Bluetooth 5, the next generation of Bluetooth standard, will be formally announced next week, offering quadruple the range and double the speed of the current low-energy wireless protocol.
Executive director of the Bluetooth Special Interest Group, Mark Powell, revealed the news in a published email
sent to UK health and monitoring company Blue Maestro. The Bluetooth SIG, which is backed by Apple, Intel, and other major technology companies, will officially make the announcement on June 16 in London.
The standard's adoption of the title "Bluetooth 5" drops reference to both the version and point number, indicating both a significant revision of the protocol and an effort by SIG to simplify its marketing strategy.
The new standard is also said to offer significantly wider support for smart home devices and enhanced Internet of Things (IoT) functionality, in addition to increased support for location-based connectionless services, such as assistive navigation beacons.

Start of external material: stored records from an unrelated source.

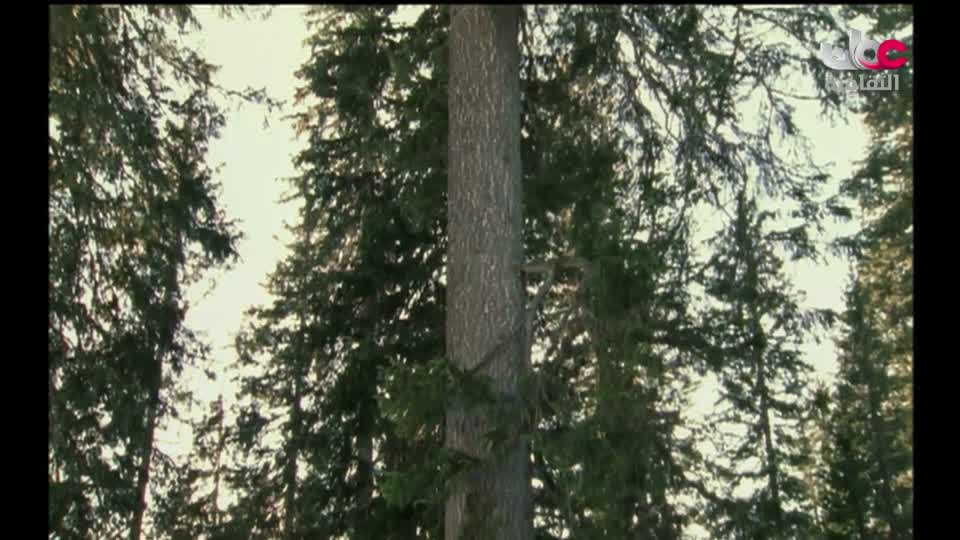 بحيرات وجبال - الحلقة 5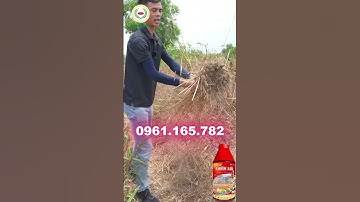 Diệt cỏ CỰC MẠNH - Không hại đất không hại cây trồng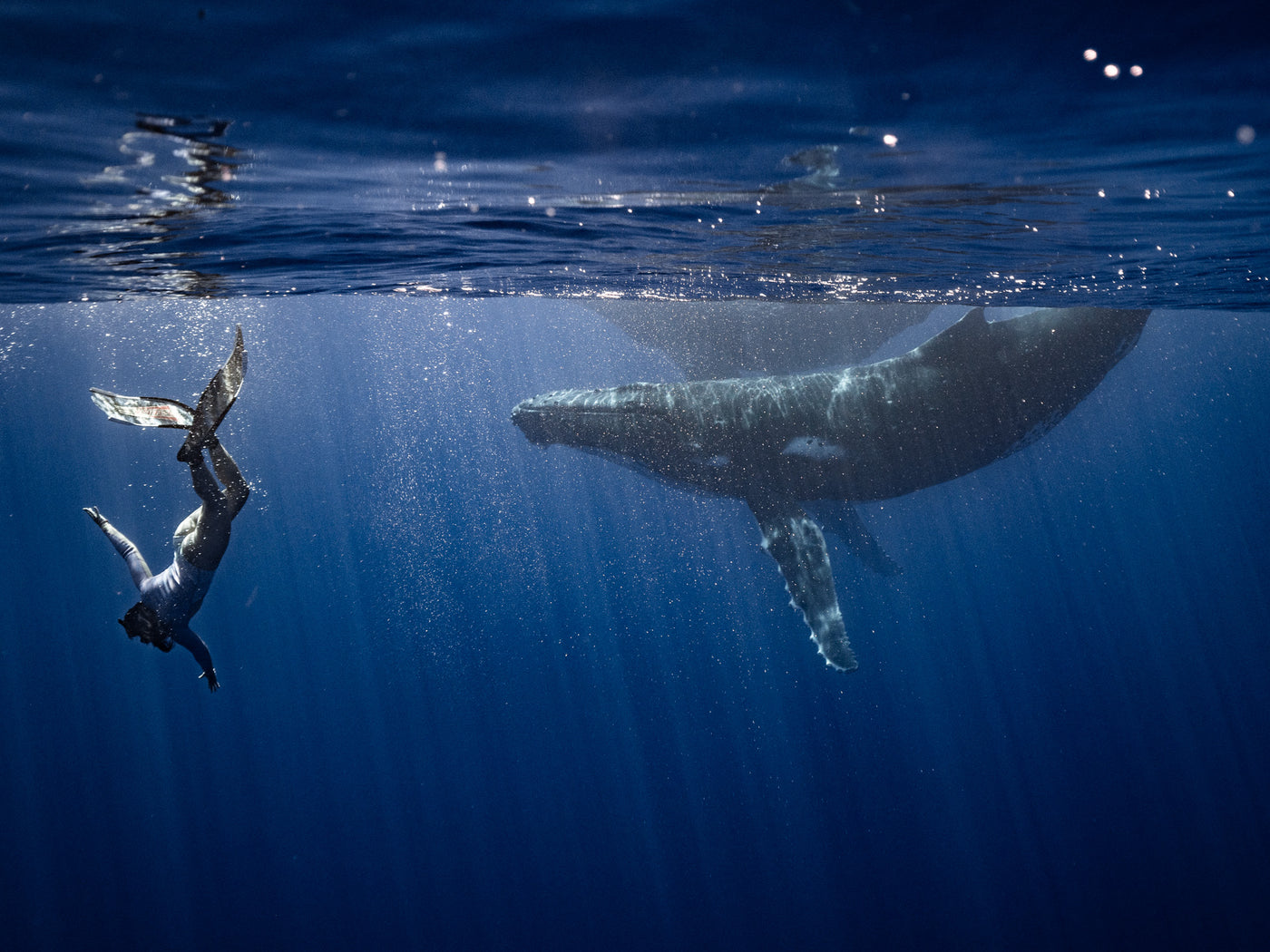 French Polynesia Humpback Whales - SOLD OUT!!!!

It's unclear whether Bluetooth 5 will come to existing devices as a firmware update or require new hardware, but the latter is more likely. Previously, Bluetooth 1.0, 2.0 and 3.0 devices were not upgradeable to newer versions of the standard, but Bluetooth 4.0 devices could be upgraded to Bluetooth 4.1 via software patches.
In October last year, Apple quietly added Bluetooth 4.2 support to the iPhone 6, iPhone 6 Plus, and iPad Air 2, bringing 2.5x faster speeds and up to ten times higher data capacity to the devices.

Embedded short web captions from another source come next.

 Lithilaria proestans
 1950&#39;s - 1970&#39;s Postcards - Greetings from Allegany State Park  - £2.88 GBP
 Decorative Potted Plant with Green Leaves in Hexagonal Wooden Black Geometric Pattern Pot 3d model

Rumors of impending upgrades to Apple's MacBook range typically make no mention of wireless protocols, while iPhone 7 leaks and speculation are also usually silent on the subject.

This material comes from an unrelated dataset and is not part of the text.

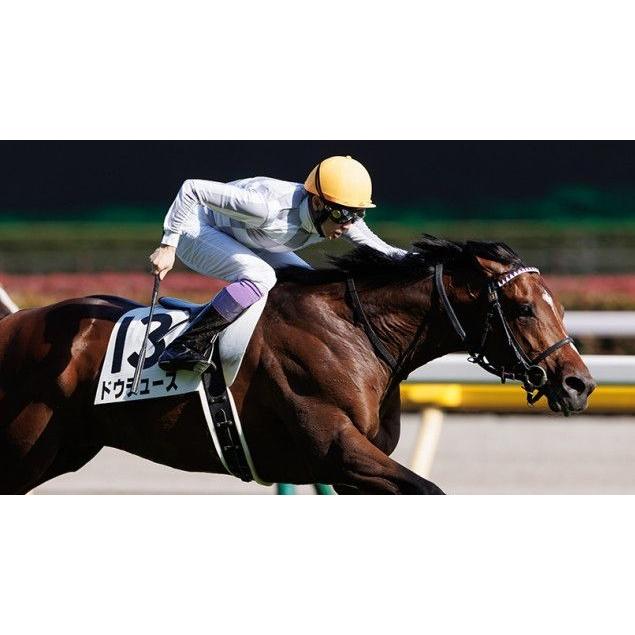 ドウデュース 有馬記念Ver! ぬいぐるみ 超BIGサイズ! 競馬 ドウデュース 有馬記念Ver! ぬいぐるみ 超BIGサイズ! 競馬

However, given the increasing likelihood that Apple will remove the headphone jack in the iPhone 7 and iPhone 7 Plus, Bluetooth will become the primary means of connecting headphones for most users unless wired Lightning earbuds
are included in the box.
The article title and first paragraph originally stated that Bluetooth 5 would bring quadruple the speed and double the range of the existing protocol, when in fact it promises 2x speed and 4x range.